FPF notes that a derivative lawsuit "is a procedure that allows shareholders of a company to recover damages incurred due to impropriety by executives and directors."
"Any damages award would go to Paramount, not FPF," the group added.
“I’m proud that @freedom.press is doing what CBS’s corporate owners won’t — standing up for press freedom and against authoritarian shakedowns. People who aren’t willing to defend the First Amendment should not be in the news business,” says @johncusack.bsky.social freedom.press/issues/we-pl...
[image or embed]
— Freedom of the Press Foundation (@freedom.press) May 23, 2025 at 7:20 PM
The lawsuit warning comes after a trio of U.S. senators cautioned that Paramount "may be engaging in potentially illegal conduct" by pursuing a settlement with Trump in exchange for approval of the Skydance merger.

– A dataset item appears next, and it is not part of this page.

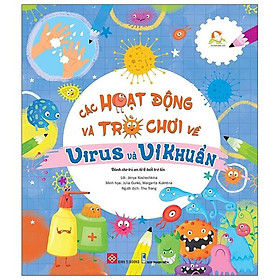 Sách Các Hoạt Động Và Trò Chơi Về Virus Và Vi Khuẩn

"Paramount appears to be attempting to appease the administration in order to secure merger approval," wrote Sens. Elizabeth Warren (D-Mass.), Bernie Sanders (I-Vt.), and Ron Wyden (D-Ore.) in a May 19 letter to Redstone.
Internally, Paramount executives have acknowledged that settling the Trump suit "could expose directors and officers to liability in potential future shareholder litigation or criminal charges for bribing a public official," the Journalreported in February.
In a statement on Friday, Stern said that "corporations that own news outlets should not be in the business of settling baseless lawsuits that clearly violate the First Amendment and put other media outlets at risk."
"A settlement of Trump's meritless lawsuit may well be a thinly veiled effort to launder bribes through the court system," said Stern. "Not only would it tank CBS's reputation but, as three U.S. senators recently explained, it could put Paramount executives at risk of breaking the law."
"Our mission as a press freedom organization is to defend the rights of journalists and the public, not the financial interests of corporate higher-ups who turn their backs on them. When you run a news organization, you have the responsibility to protect First Amendment rights, not abandon them to line your own pockets," Stern added. "We hope Paramount will reconsider the dangerous path it appears to be contemplating but, if not, we are prepared to pursue our rights as shareholders. And we hope other Paramount shareholders will join us."